Will Aadhaar's New AI-Based Security Successfully Prevent Data Breaches?

The structural issues with biometric security are not addressed by the new security system designed to guard against fingerprint spoofing, according to experts.

By - Hera Rizwan | 3 March 2023 9:42 AM GMT

The Unique Identification Authority of India (UIDAI) rolled out a new artificial intelligence-based security mechanism for fingerprint authentication earlier this week that aims to detect attempts of fingerprint spoofing faster. 

According to the press release, this would make the "Aadhaar authentication transactions even more robust and secure".

How will the new security mechanism work?

The artificial intelligence and machine learning (AI/ML) based security mechanism has been developed "in-house". The mechanism will use a combination of both finger minutia and finger image in order to check the "liveness" or the genuineness of the fingerprint captured. In a fingerprint image, the ridges appear as dark lines and the valleys are the light areas between the ridges. Minutia points are the locations where a ridge ends or bifurcates. 

The AI-based mechanism will be a two-factor/layer authentication for enhanced data security. According to the release, the new implementation will be beneficial for sectors like banking, finance, and telecom. "It will also benefit bottom of the pyramid as it will further strengthen the Aadhaar enabled payment system and curb malicious attempts by unscrupulous elements", the release read.

It has already been rolled out and is now fully functional.

Still missing the point?

Speaking to BOOM, Srinivas Kodali, a researcher with Free Software Movement of India, said, "Every time a new security mechanism is brought in, people find a new way to breach it. The problem lies with the protection of biometrics, checking the 'liveness" of it will not solve the structural problems of security."

Citing the example of fraud reported after biometric verification during the Bihar panchayat elections in 2022, Kodali said, "Using biometrics as passwords is as it is very problematic, and now we are focusing on building everything around it." During the elections, a fraudster took out money from the accounts of voters by taking their "fingerprints on his phone before they had put their fingerprints in the biometric machine to cast their votes", The Hindustan Times reported.

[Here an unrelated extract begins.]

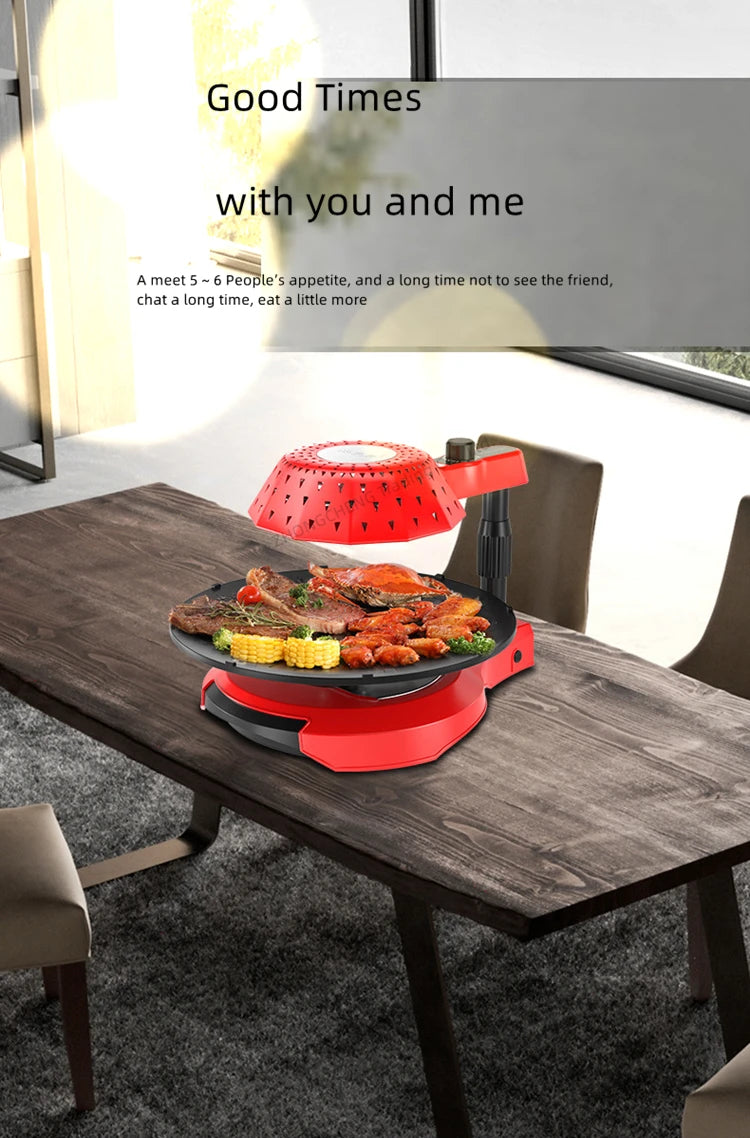 Household 220v 1390w Bbq Oven Indoor Electric Baking Tray Home Smoke-free Non-stick Barbecue Machine Automatically Rotating Baki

This isn't the only case where biometrics have been misused. In January 2019, a former Aadhaar operator's biometrics were misused to withdraw money from two of his accounts, in Jind, Haryana. Similarly, in 2020, the biometric data of a 58-year-old woman, based in Kolkata, was misused to obtain a sim card and commit other crimes in Rajasthan. 

In another case of identity theft, a private company in Chennai had been gathering private biometric information on thousands of individuals in order to verify who was eligible for a welfare programme on behalf of the Greater Chennai Corporation. This counterfeit programme had been running since 2015, until it got busted in 2022.

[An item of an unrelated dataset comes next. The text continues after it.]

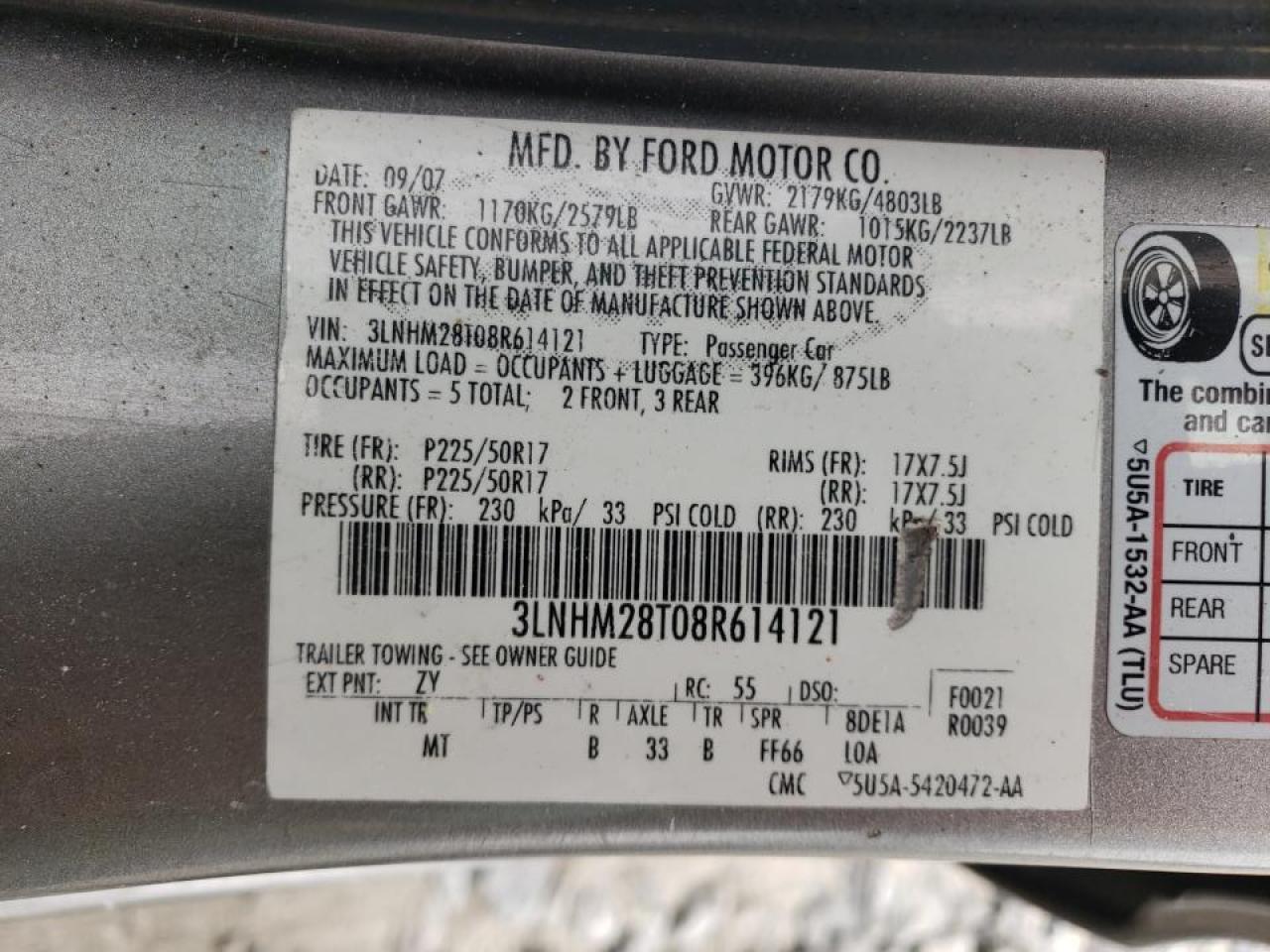 Photo 10 from auction – 2008 LINCOLN MKZ with VIN 3LNHM28T08R614121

According to Prateek Waghre, policy director at Internet Freedom Foundation, "The press release does not give away much about the technique of the new AI mechanism. We could only guess that it would be used to tell apart a real fingerprint from, maybe, a prosthetic or a dummy one. However, the security mechanism will not change the underlying issues with the use of biometrics, that is, we cannot do anything to protect the data once it is compromised."

What is the need of the hour?

Speaking to BOOM, Mishi Choudhary, a technology lawyer with Software Freedom Law Centre, said, "For robust security against data breaches, The Government of India needs law, policy and private sector tools. Like the Biden Administration, there needs to be a comprehensive review and strategy against breaches, hacking and ransomware."

Talking about India's Data Protection Bill, Waghre said, "There were multiple versions of the 2017 Bill, which were ultimately withdrawn in 2021. The latest version was drafted in November, last year but has not been tabled in the Parliament yet."

According to Waghre, the biggest problem, even with the recent version, remains that the state can still collect our data and can choose to exempt themselves from any obligations under this. "This defeats the purpose of the law itself," he added. Delving into the basis of the problem, Waghre said, "In the face of a data breach, the first step by our government authority is denial, which speaks much about their stance on the matter of security."